Plate 01 dispenses with such intangibles: it’s all about appearance. Against a back projection of wriggly microbes, the stage is set with three apparently inanimate structures that turn out to be outlandish costumes concealing three dancers. One is a seaweedy tangle, set a-shiver by its inner dancer. Another is a kind of cage that splits apart, birthing two beings: a twisty worm-thing with ribbony protrusions, and a garish, shimmering creature with unruly tentacles. The effect is choreographically insubstantial but visually fascinating.

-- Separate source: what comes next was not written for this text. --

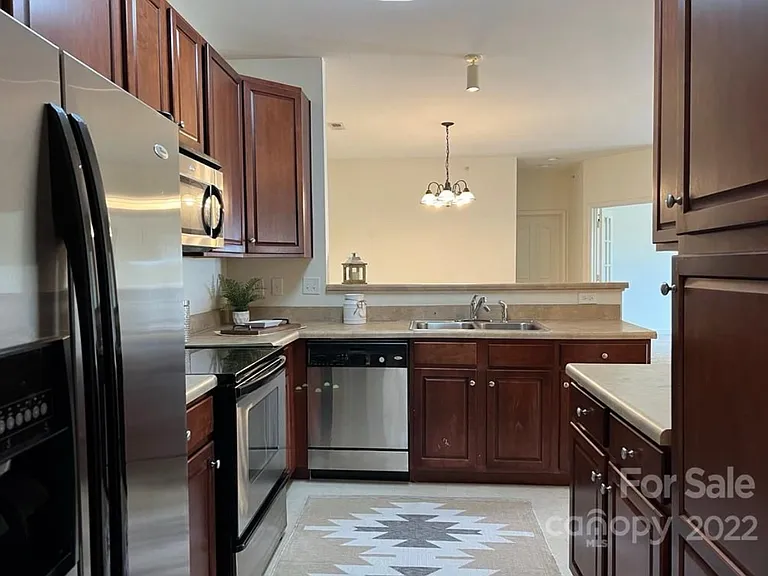 11278 Hyde Pointe Ct #11278 — Photo 18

The theme of Luke Birch’s solo Likeness – the relation between movement and words – is murky with ambiguities, but composition and performance are crystal clear. A voiceover reels out phrases – like water, like a bull in a china shop, like it’s 1999 – while Birch, in a stepwise pattern around the stage perimeter, “likens” his gestures to the text, whether in imitation of meaning or rhythm. Plaintive piano replaces voice, and Birch builds a series of spiralling falls, folds and slips, on a strict diagonal. Words return, now likening meanings to those movements. He bundles himself up and rolls like a stone, to Bob Dylan’s ‘Like a Rolling Stone’ – a literalism compromised by the logo on his t-shirt: the famous tongue and lips logo of the Rolling Stones. Likeness is one of those works you could watch all over again, to see how it’s been made as much to savour its effects.